Fairfield, New Haven and Middlesex County teachers study writing this summer at Fairfield University
Teachers focus on writing, learning, and leading in the digital age
More than sixteen Connecticut teachers will convene at Fairfield University and join approximately 3,000 kindergarten- through-college teachers across the country who will be attending four-week National Writing Project (NWP) Summer Institutes in July to learn new strategies to improve their students' writing skills.
"The Fairfield, New Haven and Middlesex County teachers who attend the Summer Institute will return to their classrooms next fall equipped with proven strategies for teaching young people how to write and how to use writing to learn," said Sharon J. Washington, NWP Executive Director.
Teachers from Ansonia, Bridgeport, Brookfield, Clinton, Easton, Fairfield, Monroe, New Canaan, New Haven and Stamford will participate. These teachers, under the leadership of experienced directors of the Connecticut Writing Project-Fairfield (CWP), an affiliate of the NWP, will spend four weeks in intensive study of theory and best practices of teaching youngsters from kindergarten through high school how to write creatively, clearly and correctly in many situations, both academic and personal. During the Institute, teachers will follow the practice of the NWP that believes the best teachers of teachers are teachers who have been successful in their classrooms.

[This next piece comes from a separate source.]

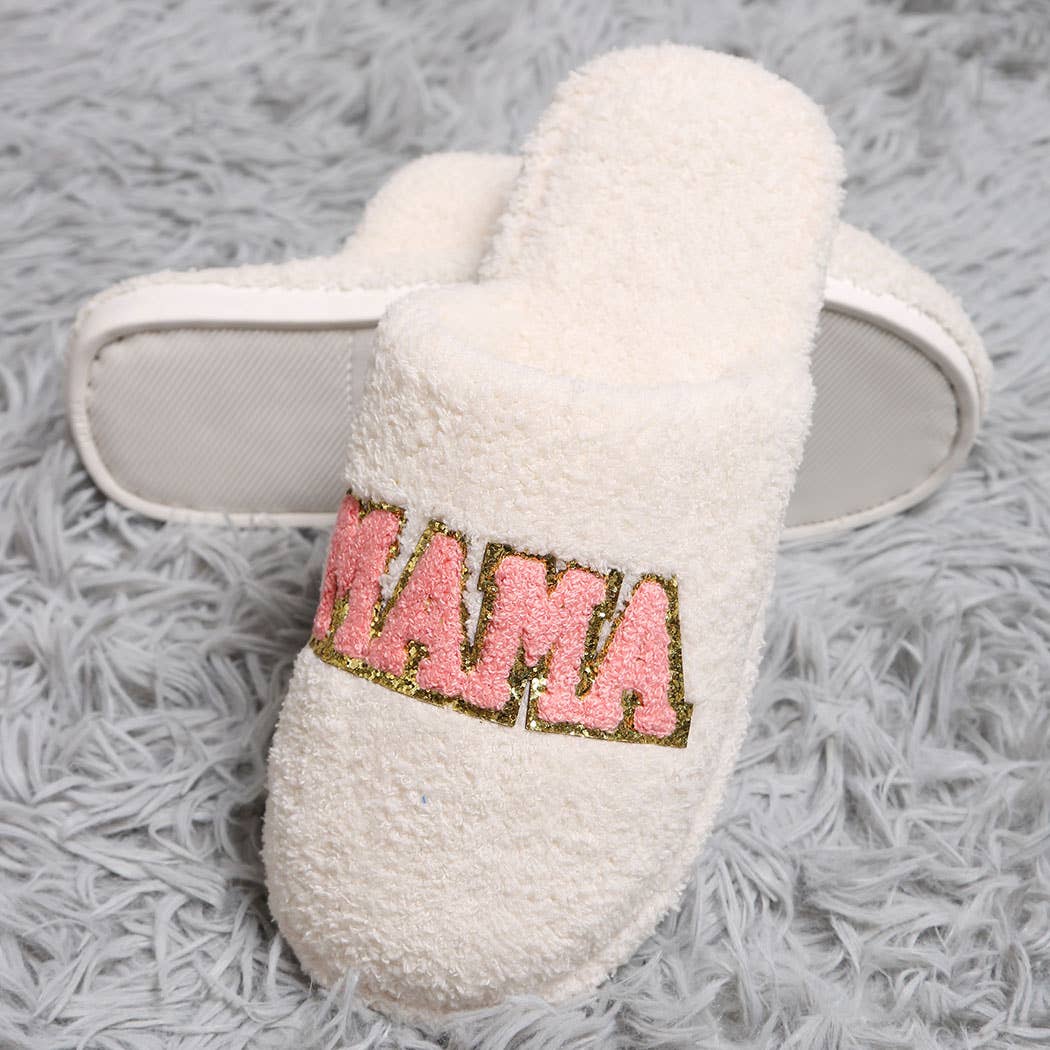 MAMA Chenille Patched Home Slippers|  WHITE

Each of the Institute Fellows will present demonstrations of their understanding of how to improve both writing and reading for students of all grades and abilities.
Washington continued, "Writing continues to be the signature means of communication in the digital age, and these institutes provide valuable continuous learning opportunities for local teachers." Located in all 50 states, the District of Columbia, Puerto Rico, and the U.S. Virgin Islands and co-directed by local university faculty and classroom teachers, the NWP institutes offer teachers the opportunity to study the latest research on the teaching of writing and to share knowledge, expertise, and effective classroom practices.
A recent report by the Alliance for Excellent Education and Carnegie Corporation of New York adds another dimension to writing's importance to learning. "Writing to Read" identified particular writing practices that are, according to the report, "effective in helping students increase their reading skills and comprehension."
National research studies confirm significant gains in writing performance among students whose teachers participate in NWP programs. Past surveys of teachers who participated in summer institutes found that 95 percent gave high ratings "to the institute's contribution to their understanding of the teaching of writing and its usefulness for their own classrooms and students" (Inverness Research).